■ Work instruction
Write out the entire listing below exactly, with the pictures left out.

** Listed entries follows **

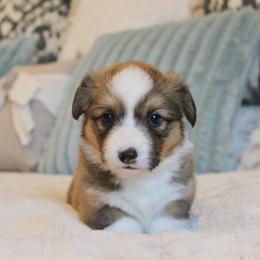 Porsche (fluffy) - Red female Pembroke Welsh Corgi puppy in Goliad, Texas from Rogers’ Fluffy Butt Corgis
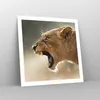 Poster - Poster ohne Rahmen - Löwe Löwin Reißzähne - 60x60 Produktbild-Vorschau 7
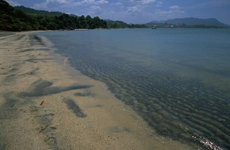 黒砂海岸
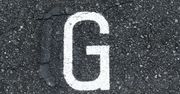 22 słowa na literę "G". Odgadniesz wszystkie?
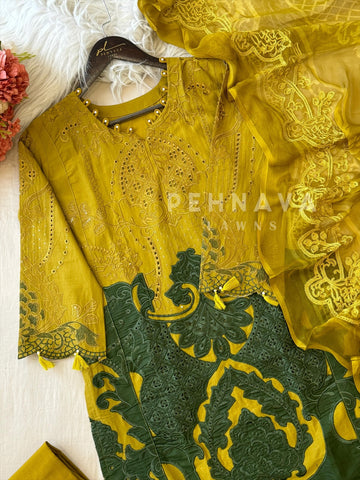 Multi Shaded Suit With Appliqué Design 1286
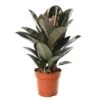 Ficus Elastica 'Abidjan': D.24xh.75cm -VIDA Plantes Magasin 827090 002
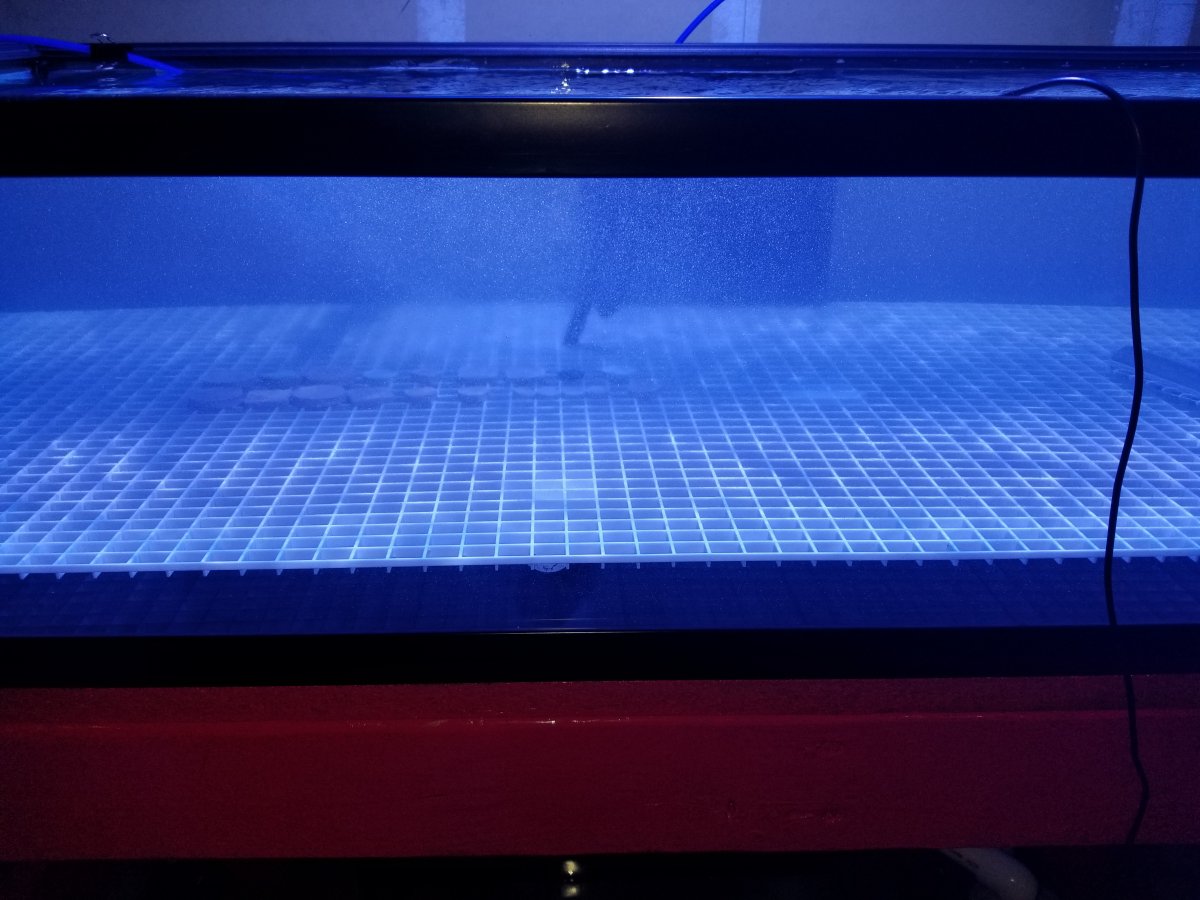 20171127_213604.jpg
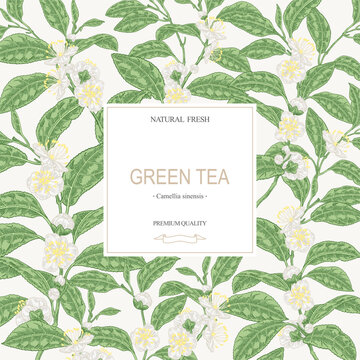 Tea background. Hand drawn Camellia sinensis plant. Green tea branches with leaves and flowers. Vector illustration.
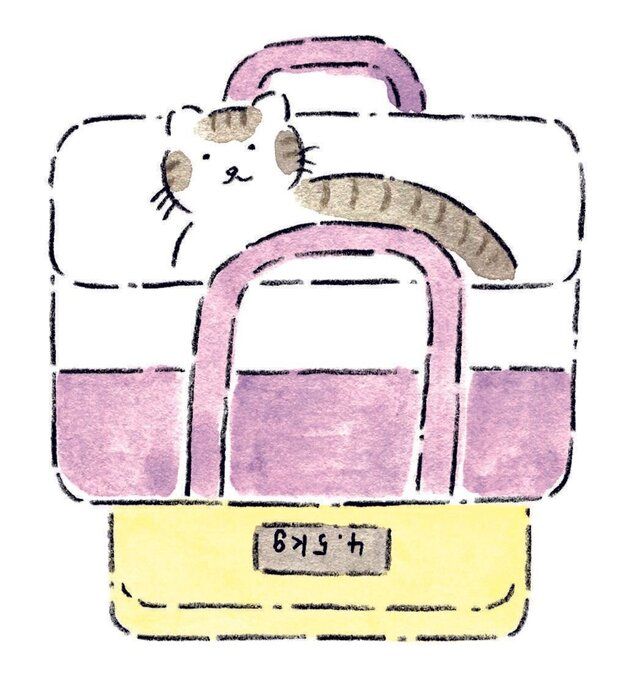 イラスト/みやしたゆみ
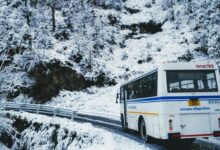 Photo of उत्तराखंड: 40 फीसदी मार्गों पर लाइफलाइन मानी जाने वाली रोडवेज बस सेवा बंद, डग्गामारी चरम पर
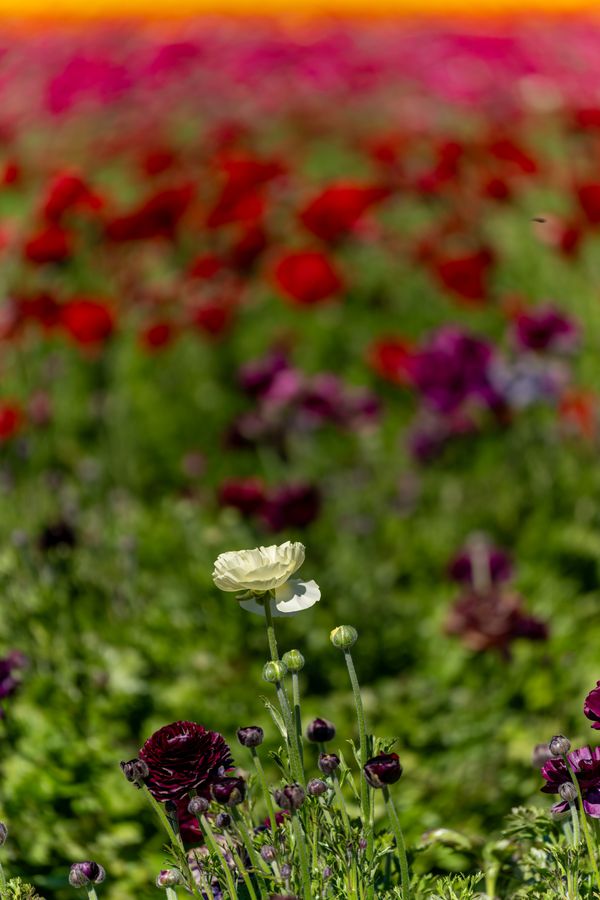 Ranunculus
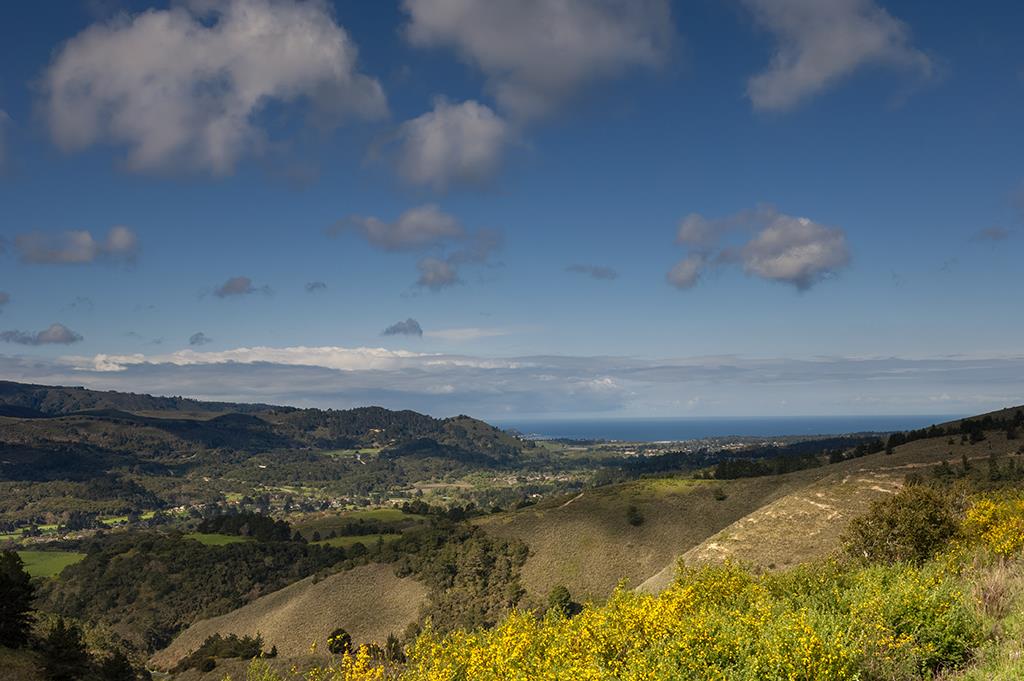 Detail Gallery Image 3 of 9 For 42 Tehama (Lot 23), Carmel,  CA 93923 - – Beds | – Baths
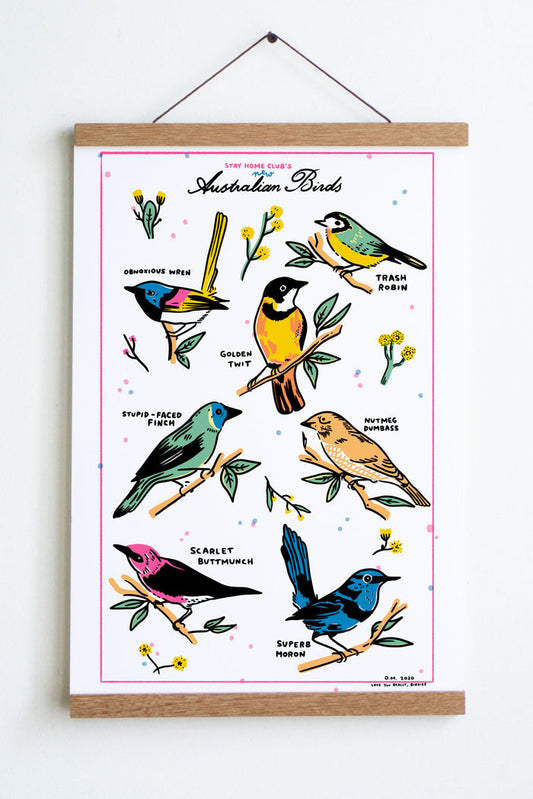 stay home club's new autralian birds print with colourful birds with rude names scarlet buttmunch nutmeg dumbass trash robin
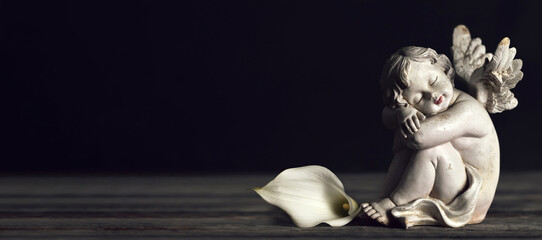 Sleeping angel and white calla lily on dark wooden background with copy space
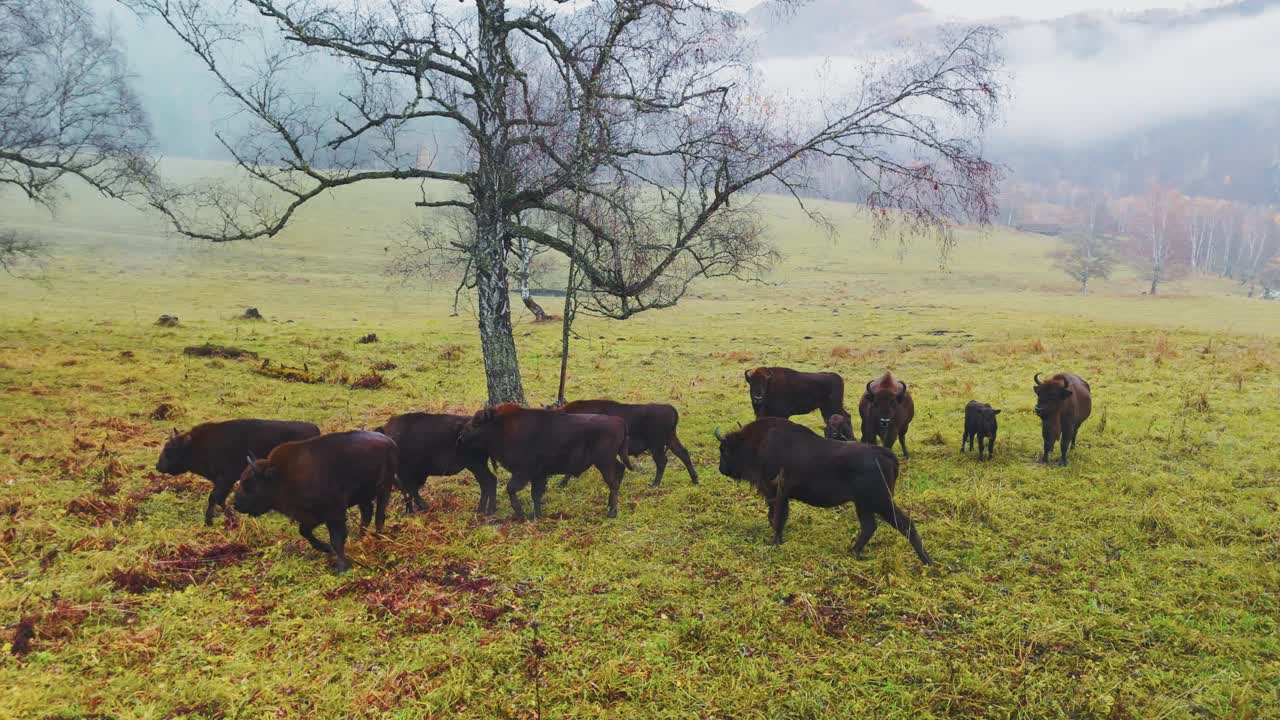 Bison herd in a foggy autumn meadow
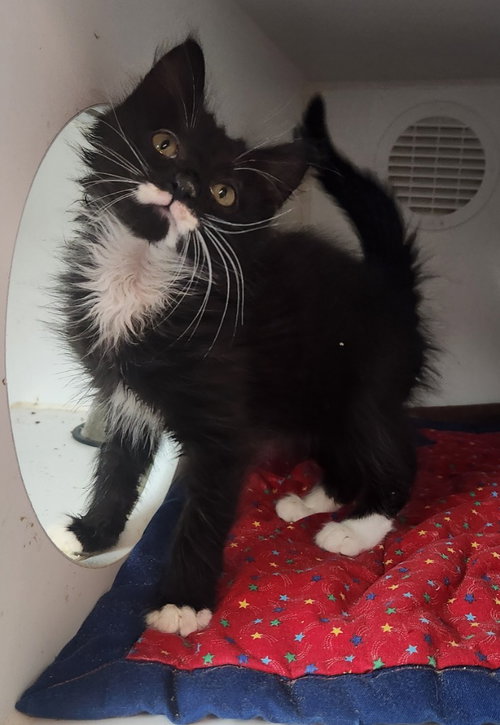 Walter, an adoptable Domestic Medium Hair in Walnutport, PA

** End of Listed entries **

■ Exercise answer
 Porsche (fluffy) - Red female Pembroke Welsh Corgi puppy in Goliad, Texas from Rogers’ Fluffy Butt Corgis
 Poster - Poster ohne Rahmen - Löwe Löwin Reißzähne - 60x60 Produktbild-Vorschau 7
 黒砂海岸
 22 słowa na literę "G". Odgadniesz wszystkie?
 Multi Shaded Suit With Appliqué Design 1286
 Ficus Elastica 'Abidjan': D.24xh.75cm -VIDA Plantes Magasin 827090 002
 20171127_213604.jpg
 Tea background. Hand drawn Camellia sinensis plant. Green tea branches with leaves and flowers. Vector illustration.
 イラスト/みやしたゆみ
 Photo of उत्तराखंड: 40 फीसदी मार्गों पर लाइफलाइन मानी जाने वाली रोडवेज बस सेवा बंद, डग्गामारी चरम पर
 Ranunculus
 Detail Gallery Image 3 of 9 For 42 Tehama (Lot 23), Carmel,  CA 93923 - – Beds | – Baths
 stay home club's new autralian birds print with colourful birds with rude names scarlet buttmunch nutmeg dumbass trash robin
 Sleeping angel and white calla lily on dark wooden background with copy space
 Bison herd in a foggy autumn meadow
 Walter, an adoptable Domestic Medium Hair in Walnutport, PA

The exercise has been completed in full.